**TASK INSTRUCTIONS:** From the line containing "Cole Haan Shoes" to the line containing "Чай, туба 200 г. TEAVITALL BRAVO 4" in the records below, set down every line exactly as it stands, both ends included, and skip the pictures.

**INPUT MATERIAL:**
'''

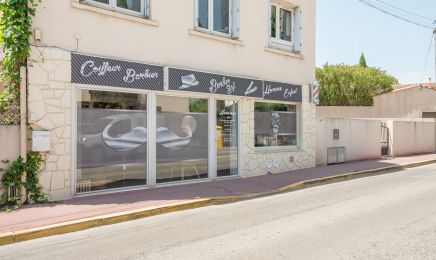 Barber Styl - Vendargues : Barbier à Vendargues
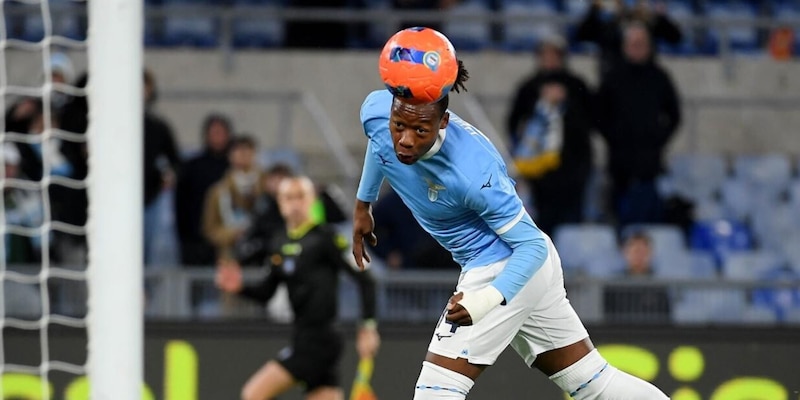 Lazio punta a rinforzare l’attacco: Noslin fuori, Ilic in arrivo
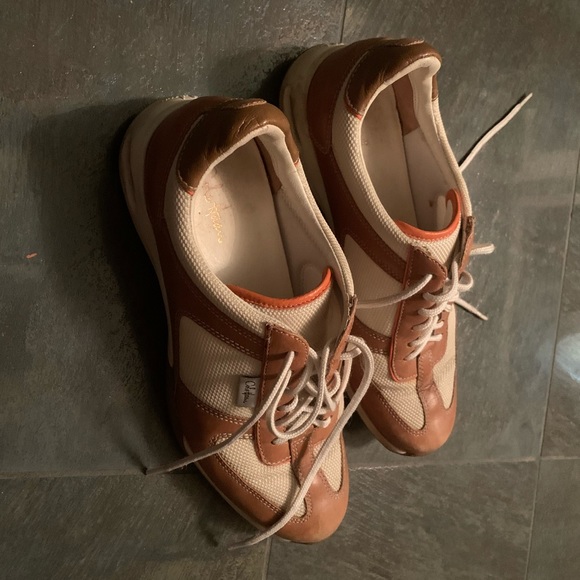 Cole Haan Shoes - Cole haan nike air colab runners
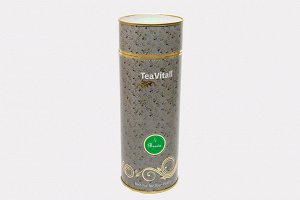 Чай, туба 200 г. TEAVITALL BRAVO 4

'''
'''

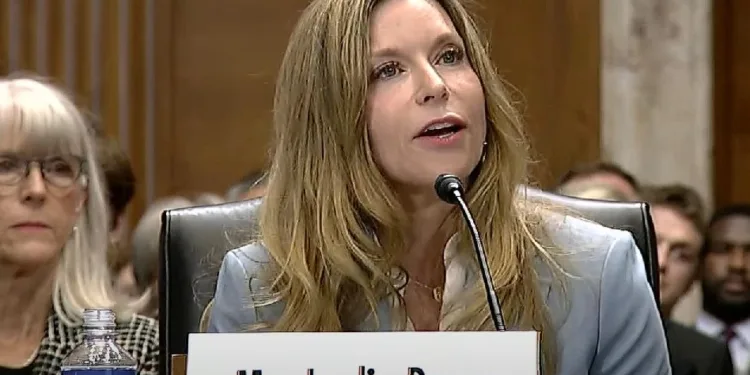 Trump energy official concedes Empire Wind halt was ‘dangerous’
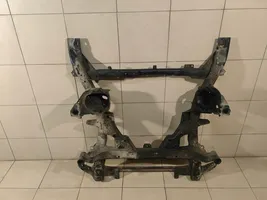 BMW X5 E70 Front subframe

'''
'''

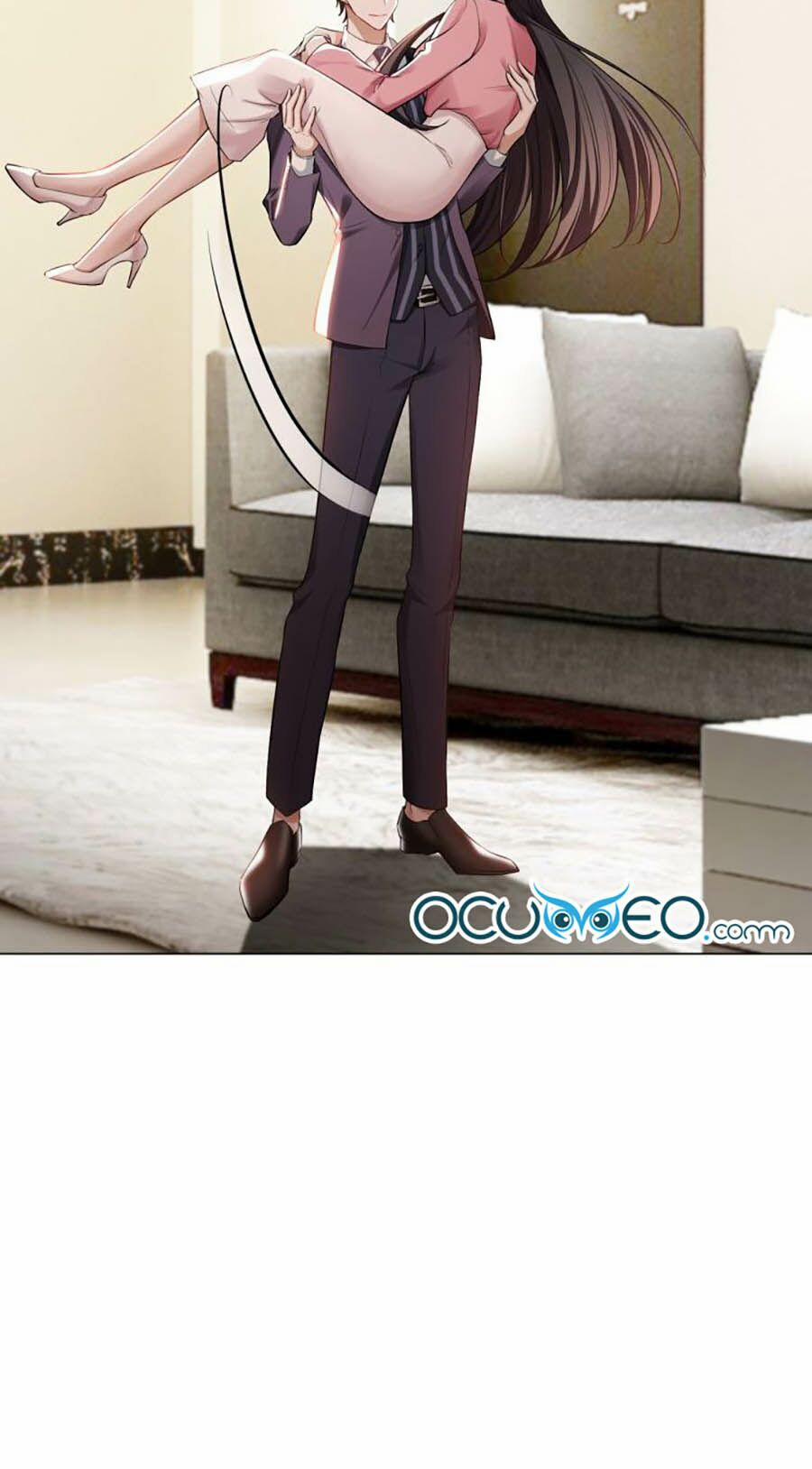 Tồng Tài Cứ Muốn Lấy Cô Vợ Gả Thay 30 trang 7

'''

**ANSWER FOR THE TASK:**
 Cole Haan Shoes - Cole haan nike air colab runners
 Чай, туба 200 г. TEAVITALL BRAVO 4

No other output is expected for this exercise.